第5話WOULD YOU LIKE TO GO TO SEX?」

 夕方、いつものようにキャシーズに行くと、オーナーがドロシーとむずかしい顔をして話し込んでいるところでした。ドロシーから「MORIO、オーナーからあなたにお話があるみたいよ」と言われたとき、イミグレーションから何か言われたに違いないと僕は息を飲んでしまいました。そして、どうしても今、日本に帰るのだけは困ると思いました。とにかく、まだ自分の中では何も見つけていないままでしたし、こんな状態でMAKIさんと再会したとしても、彼女に胸を張ってみせられるものなんて何もなかったからなのです。もちろん、ここにいればいつかはその何かをつかめるなんて保証はありませんでしたが。

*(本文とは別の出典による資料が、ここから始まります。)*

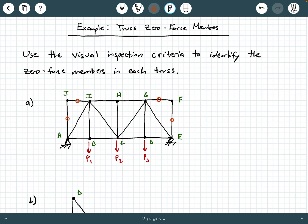Now let's look at the last few joints still remaining. If you look at G and I, there are no applied loads and no external support reactions — so that's good. However, you have multiple members coming in to both G and I. The visual inspection criteria discuss having either two non-colinear members forming a joint (criteria two) or three members forming a joint in which two are colinear (criteria one). G and I don't fit into either of those criteria, so those are out.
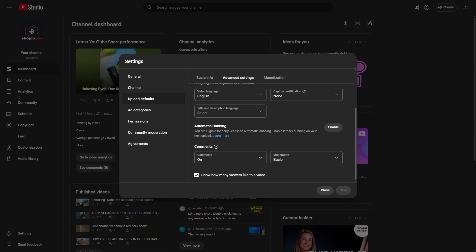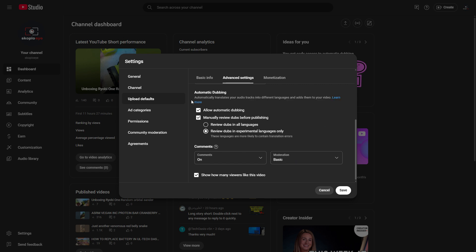It says you are eligible for early access to automatic dubbing, and enable to try dubbing on your next upload. Let's give that a go. It's got the options here — automatically translate your audio tracks into different languages and add them to your videos.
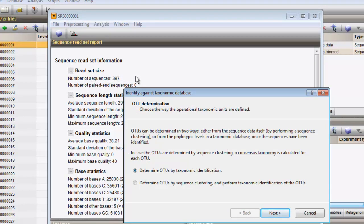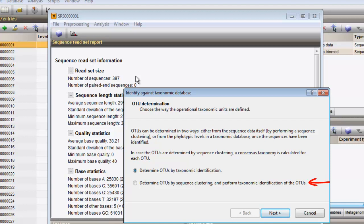The first question asked is which way operational taxonomic units should be defined. The first option will identify the sequences against the reference taxonomy and create OTUs from the obtained taxonomic identification results. By choosing the second option, distances between unique reads are calculated and based on the calculated distance matrix, a cluster analysis is created. For each cluster, the sequences are identified against a reference taxonomy and OTU assignments of the clusters are based on the taxonomic identification results.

  「Inspection? Investigation?」
 僕の不安をよそに、オーナーの口から難しい単語が続々と出てきましたが、

要するにチャイナタウンにできた新しいマッサ−ジのお店を偵察してきて欲しいということだったのです。しかし偵察することよりも何よりも、帰らなくて済んだことの喜びで僕は思わずオーナーの手を握り締めてしまいました。「MORIO、そういうことだから、お客さんのふりをして一体その店でどんなサービスをしているのか見てきておくれ。お金の心配はいらないから2時間でも3時間でも好きなだけ遊んできなさい。」